Why the ANZ-Suncorp merger appeal left us with more questions than answers
If there was substantial data on market power, merger benefits or competition in the ANZ-Suncorp merger hearings it was either redacted or heard behind closed doors.
Only once in two weeks of hearings in a competition review of ANZ's $4.9 billion play for Suncorp Group's bank did someone actually say KFC but there was more than enough time to skive off for junk food as heavily redacted documents were discussed or hearing doors closed.

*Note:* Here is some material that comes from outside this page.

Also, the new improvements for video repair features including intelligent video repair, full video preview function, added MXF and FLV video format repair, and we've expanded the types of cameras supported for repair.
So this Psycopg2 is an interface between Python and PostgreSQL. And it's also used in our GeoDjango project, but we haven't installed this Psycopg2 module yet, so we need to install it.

There were plenty of assertions and counter-assertions presented in court but the data on detailed revenue, pricing and market shift analysis - if it exists at all - was not for public scrutiny. Those assertions covered the key issues of market definition and oligopoly power, merger synergies and the capacity to complete a transaction.
It came down to:
- Would the combination of the fourth and eleventh biggest market players in mortgages lessen competition or improve a new number three's ability to compete with the market leader?

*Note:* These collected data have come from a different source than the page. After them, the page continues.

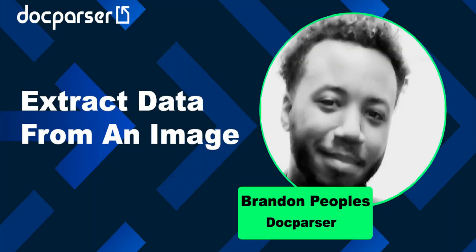Hello, my name is Brandon with DocParser, and in this video, I'm going to show you how to extract data from an image.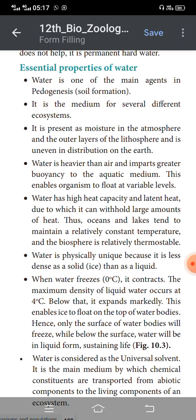Water is heavier than air and imparts greater buoyancy to the aquatic medium. This enables organisms to float at variable levels on the surface of the water.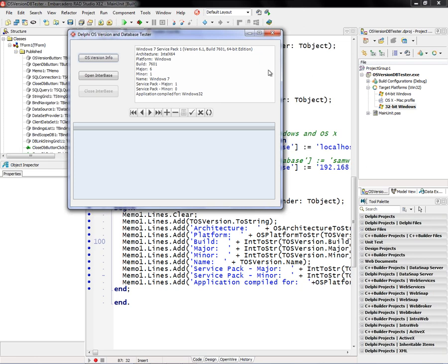This application is compiled for Intel x64, is the architecture I'm running on, but I'm compiled for Win32. And again, I have a Service Pack 1 installed, and I can talk to Interbase.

- Is there a genuine "counterfactual" to the ANZ bid - which would provide core capital for Suncorp's desire to focus on insurance - and is that counterfactual Bendigo & Adelaide Bank?
- Do mergers actually create a more efficient institution or typically end in unfulfilled hope (as the competition regulators argued). And if they don't, what of Bendigo's argument its bid would deliver efficiencies allowing it to be a better competitor?
- Outside of competition in markets, are there broader public benefits - notably ANZ's promise to invest in particular projects in Queensland if it is successful?
A three-person panel conducting the Australian Competition Tribunal's review of the merger has until February 20 to decide whether the deal wouldn't substantially lessen competition in relevant banking markets; or the public benefit of the proposed acquisition outweighs the likely resulting public detriment.